Тем не менее осенью 1934 года он беспрерывно выступал с чтением переводов: 22 ноября читал «Змеееда» Пшавелы в Доме писателя, перед началом чтения долго просил стенографистку ничего не записывать, ибо речь его будет сумбурной, – потом, ничего не добившись, начал говорить. Тарасенков кое- что записал: «Дело в том, что нужно работать. До 1931–1932 годов люди дрались, работали. Показалось, что к съезду писателей все вышли в люди, что все достигнуто и после съезда надо только выступать, конспектировать, подводить итоги. Как же двигаться дальше? Все время отказываешься, отказываешься, отказываешься выступать. Получается эффект какой-то тайны, каких-то румян и белил. Надо теперь сделать обратный ход – выступить. Но выступать есть смысл, когда есть что-то новое. Мое выступление, зиждящееся на уступке, – бессмысленно». Оно и оказалось бессмысленным: поэма Пшавелы, которого Пастернак всячески превознес во вступительном слове, оказалась скучна, и часть диалогов пришлось пропускать, пересказывая прозой. Хлопали, сообщает Тарасенков, скорее из уважения.

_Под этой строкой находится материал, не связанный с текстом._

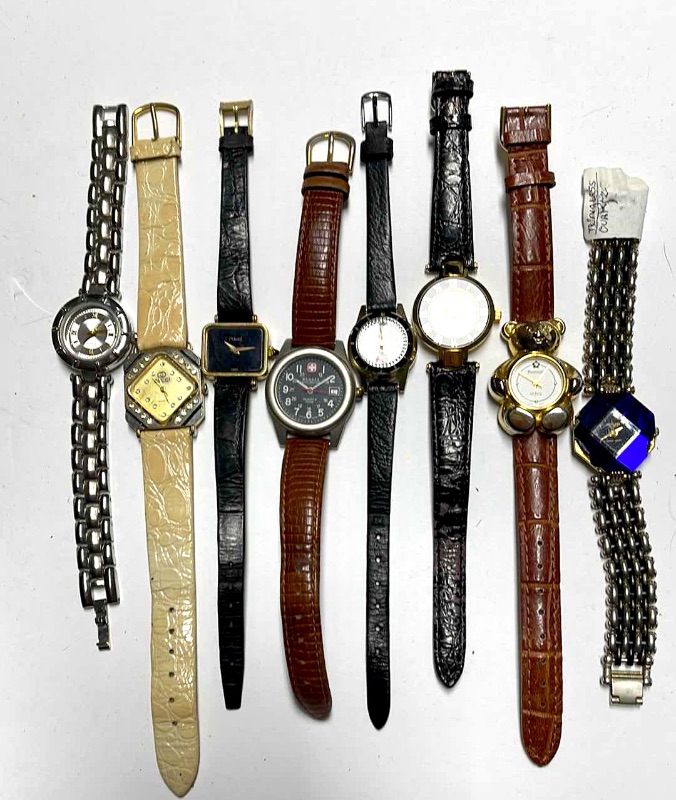 Photo 3 of WOMENS FASHION WATCHES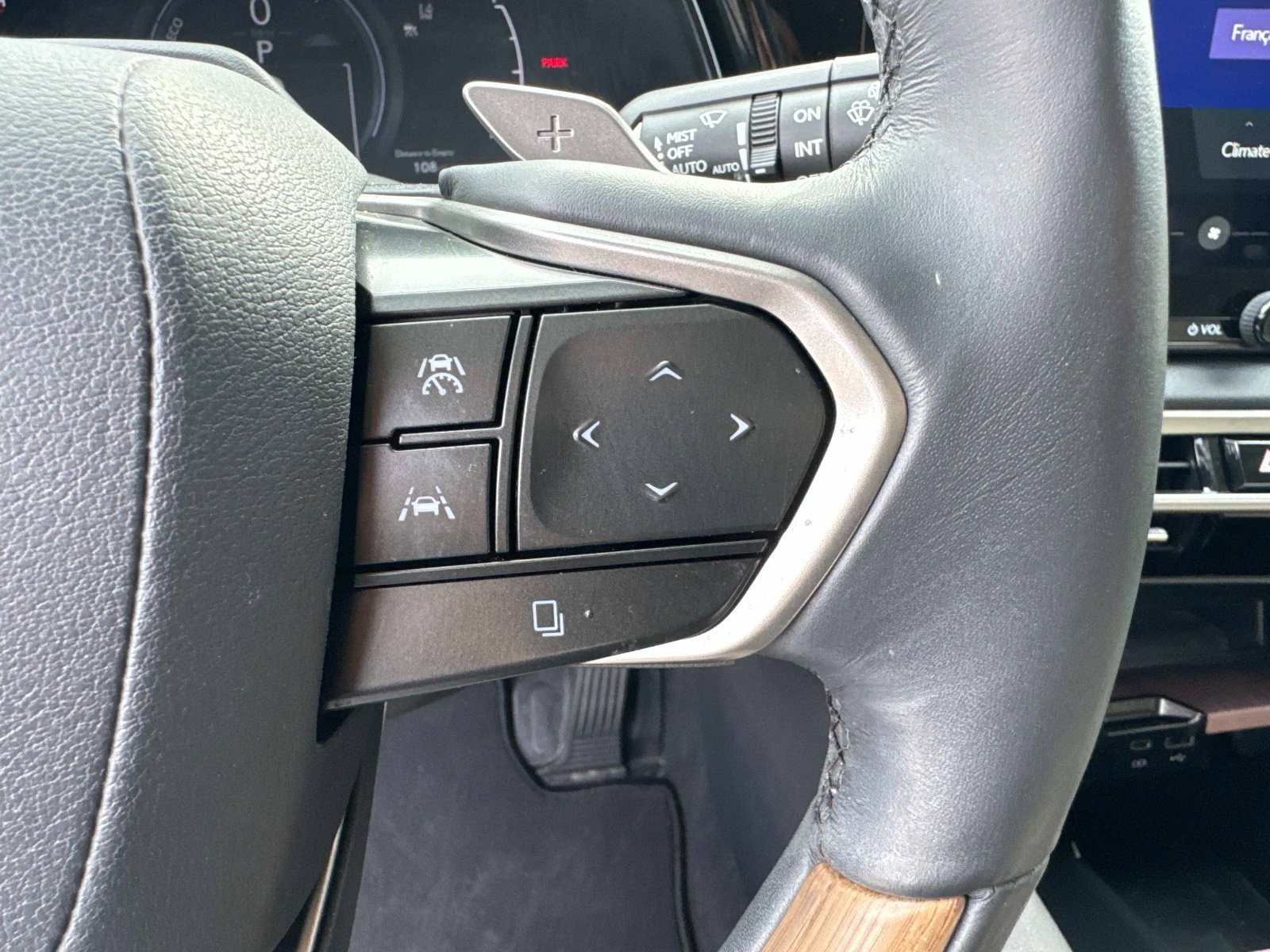 Used 2023 Lexus RX 350 w/ Accessory Package (Z1) image 30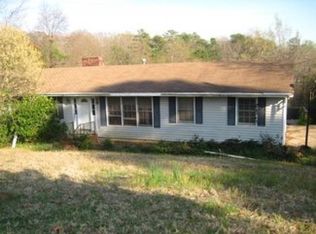 601 Mountain View Cir, Gainesville, GA 30501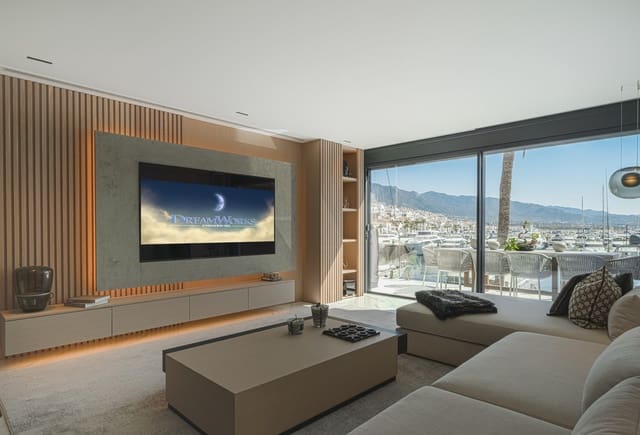 3 quarto Apartamento para venda em Puerto Banus, Marbella com garagem - 2 750 000 € (Ref: 9504054)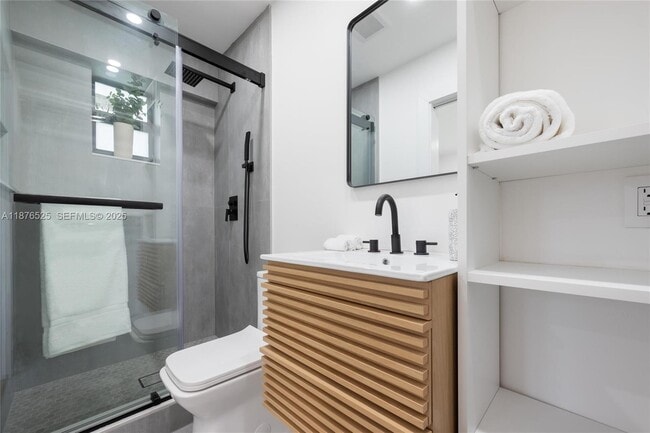 Building Photo - 1201 N 16th Ave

Гораздо больший успех сопутствовал Пастернаку на выступлении 26 октября, когда на вечере к стодвадцатилетию Лермонтова он говорил вступительное слово. Тарасенков записал и его – он тогда бредил Пастернаком, ходил на все его выступления. Пастернак начал с того, что извинился за неподготовленность и спонтанность доклада: он собирается говорить о Пушкине и Лермонтове, но в известной степени экспромтом, так что «надежда на то, что мы с вами доживем до 1937 и 1941 года». (О, знал бы он!..) «Пушкин и Лермонтов для меня пара. (…) Пушкин – строитель, создатель, реалист. Выражаясь в современных терминах, я хотел бы провести аналогию между Пушкиным и Лермонтовым как между пятилеткой созидания и пятилеткой освоения. Лермонтов обживал то, что создал Пушкин.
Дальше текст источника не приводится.